House Republicans retool year-end tax legislation
House Republicans released a revised version Monday of their year-end tax package, putting special emphasis on tax relief for disaster victims, along with improvements to retirement and savings accounts, extensions on moratoriums to some taxes related to the Affordable Care Act, technical correction in the Tax Cuts and Jobs Act, and changes in the operation of the Internal Revenue Service.
The legislation eliminates many of the tax extenders included in the package introduced in late November by House Ways and Means Committee chairman Kevin Brady, R-Texas (see House GOP releases tax package for lame-duck session). The original 297-page bill has been scaled back to 253 pages.
“It’s irresponsible to wait until next year to deliver crucial tax relief for families in 14 states and territories struggling to recover from devastating wildfires, hurricanes, flooding, and other storms,” Brady said in a statement Monday. “Both parties need to come together to help these communities now. This package delivers bipartisan relief from some of Obamacare’s most egregious taxes including ones that stifle innovation, reduce jobs, and increase the cost of families’ health insurance. The package also includes bipartisan negotiated reforms to redesign the IRS for the first time in two decades, and helps workers save more and earlier for retirement and for their children’s education. It includes a handful of routine minor adjustments to the Tax Cuts and Jobs Act, similar to the nearly 250 tax technical corrections required following the bipartisan Reagan tax reform of the 1980’s.”
Despite the scaled-back package, it’s unclear whether the package will attract support from Democrats in the House or from Brady’s own Republican colleagues in the Senate in time to pass by the end of the year with so few days left on the legislative calendar. Republicans are still at odds over plans on how to prevent another government shutdown.
In the area of disaster tax relief, the package includes temporary tax provisions for victims of disasters across a number of affected states and territories, including Alabama, California, Florida, Georgia, Hawaii, Indiana, North Carolina, South Carolina, Texas, Virginia, Wisconsin, American Samoa, Guam, and the Northern Mariana Islands.

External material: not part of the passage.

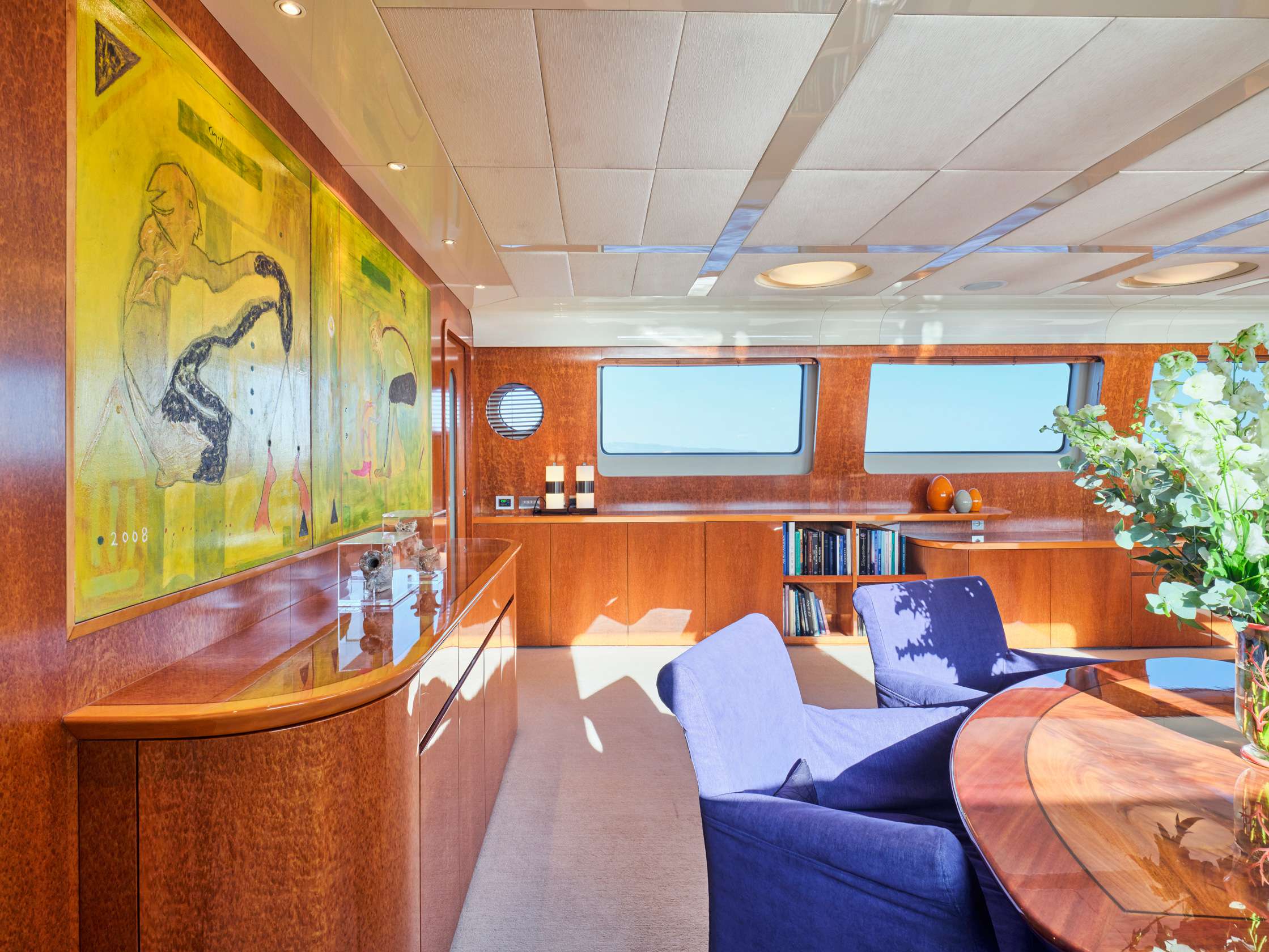 Yacht Photo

The retirement and savings provisions include an expansion of 529 education savings accounts to include home schooling and apprenticeship programs, as well as for unborn children, and a repeal of the maximum age for IRA contributions.
The bill would delay the Affordable Care Act’s medical device tax for another five years, delay the ACA’s health insurance tax for another two years, delay the tax on so-called “Cadillac” tax plans for another year and permanently repeal the tanning tax. The bill also includes some technical corrections to the Tax Cuts and Jobs Act that are considered to be time sensitive, including allowing businesses such as restaurants and retail stores to immediately depreciate leasehold improvements instead of depreciating them over 39 years, as well as clarification regarding treatment of veterans groups for purposes of the Low Income Housing Tax Credit. The bill also contains some provisions for tax-exempt entities, including repealing a tax on transportation fringe benefits for entities such as nonprofits and religious organizations, and repealing the Johnson Amendment, which prohibits 501(c)3 tax-exempt organizations from endorsing or opposing political candidates.
The package also includes a number of IRS reforms that have attracted bipartisan support, including notices about the closures of Taxpayer Assistance Centers, whistleblower reforms, provision of information regarding low-income taxpayer clinics, and codification of the IRS Free File program.